Warum es in Coburg kein Stadtmuseum gibt.

Ein bewegte Geschichte entlang an Bruchlinien und mit Brüchen. Eine sächsische, europäische, fränkische, bayerische Geschichte. Dunkle Kapitel neben strahlenden Abschnitten. Und vor allem über 22.000 Exponate aus fast 1000 Jahren Coburg. Doch die liegen unterirdisch begraben, der Öffentlichkeit nicht zugänglich. Ein Stadtmuseum nämlich gibt es nicht. Besser: Gibt es schon lange nicht mehr. Besser: Gibt es noch nicht.
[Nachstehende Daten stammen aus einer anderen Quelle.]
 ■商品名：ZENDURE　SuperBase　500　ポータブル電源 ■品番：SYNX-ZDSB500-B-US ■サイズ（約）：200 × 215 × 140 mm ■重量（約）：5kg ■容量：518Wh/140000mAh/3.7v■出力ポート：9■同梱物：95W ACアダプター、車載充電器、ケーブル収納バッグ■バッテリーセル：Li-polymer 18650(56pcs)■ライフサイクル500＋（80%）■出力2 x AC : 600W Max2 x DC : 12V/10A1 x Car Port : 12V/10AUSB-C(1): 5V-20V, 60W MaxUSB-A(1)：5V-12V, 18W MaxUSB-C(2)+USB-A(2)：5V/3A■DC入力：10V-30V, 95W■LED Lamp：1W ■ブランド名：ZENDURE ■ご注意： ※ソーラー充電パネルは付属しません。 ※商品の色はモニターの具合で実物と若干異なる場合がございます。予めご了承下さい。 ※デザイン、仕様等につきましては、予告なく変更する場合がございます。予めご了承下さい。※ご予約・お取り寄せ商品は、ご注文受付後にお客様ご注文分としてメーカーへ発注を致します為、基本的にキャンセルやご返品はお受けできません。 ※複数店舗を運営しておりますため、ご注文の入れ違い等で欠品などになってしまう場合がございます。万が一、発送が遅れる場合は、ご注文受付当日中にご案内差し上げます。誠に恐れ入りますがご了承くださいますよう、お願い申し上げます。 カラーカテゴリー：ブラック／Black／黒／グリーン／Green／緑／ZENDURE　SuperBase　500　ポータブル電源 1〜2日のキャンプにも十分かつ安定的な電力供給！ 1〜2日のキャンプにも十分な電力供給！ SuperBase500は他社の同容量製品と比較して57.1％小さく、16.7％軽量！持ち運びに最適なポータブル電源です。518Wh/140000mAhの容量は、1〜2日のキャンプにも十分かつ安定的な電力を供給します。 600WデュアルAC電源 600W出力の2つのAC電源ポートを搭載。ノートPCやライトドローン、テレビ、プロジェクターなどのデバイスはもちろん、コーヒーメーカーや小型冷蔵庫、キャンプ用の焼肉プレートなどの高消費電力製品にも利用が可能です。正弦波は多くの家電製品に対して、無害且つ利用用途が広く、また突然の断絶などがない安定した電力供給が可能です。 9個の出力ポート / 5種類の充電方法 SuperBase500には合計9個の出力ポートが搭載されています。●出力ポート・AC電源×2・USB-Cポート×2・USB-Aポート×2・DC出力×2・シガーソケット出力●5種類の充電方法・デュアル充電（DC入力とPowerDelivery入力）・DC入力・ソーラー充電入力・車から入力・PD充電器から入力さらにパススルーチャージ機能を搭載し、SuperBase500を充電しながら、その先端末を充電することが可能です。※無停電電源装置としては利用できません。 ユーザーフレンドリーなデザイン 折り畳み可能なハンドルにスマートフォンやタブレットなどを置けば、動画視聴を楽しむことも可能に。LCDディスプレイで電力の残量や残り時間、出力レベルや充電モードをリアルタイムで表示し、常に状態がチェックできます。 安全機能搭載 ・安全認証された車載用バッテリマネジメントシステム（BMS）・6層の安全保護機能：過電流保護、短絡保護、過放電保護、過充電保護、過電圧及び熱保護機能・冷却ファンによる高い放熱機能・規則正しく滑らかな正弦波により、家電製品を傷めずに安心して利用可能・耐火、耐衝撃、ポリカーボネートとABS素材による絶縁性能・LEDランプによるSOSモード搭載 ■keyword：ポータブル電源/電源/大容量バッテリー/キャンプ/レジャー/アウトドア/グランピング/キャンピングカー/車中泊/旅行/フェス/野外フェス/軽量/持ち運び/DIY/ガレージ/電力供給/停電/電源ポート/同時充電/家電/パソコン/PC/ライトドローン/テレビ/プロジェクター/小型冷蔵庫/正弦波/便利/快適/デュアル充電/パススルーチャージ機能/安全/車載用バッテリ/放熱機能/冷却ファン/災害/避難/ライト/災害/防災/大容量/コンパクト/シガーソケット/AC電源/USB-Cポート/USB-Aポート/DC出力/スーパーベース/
Vielleicht: Gibt es nie?

Eine Spurensuche mit Stellungnahmen von Rupert Appeltshauser, dem 1. Vorsitzenden und Andreas Lindemann, dem 2. Vorsitzenden der Initiative Stadtmuseum, die sich seit über 20 Jahren für ein Stadtmuseum engagiert.

Über 20.000 Exponate: Das Depot der städtischen Sammlungen.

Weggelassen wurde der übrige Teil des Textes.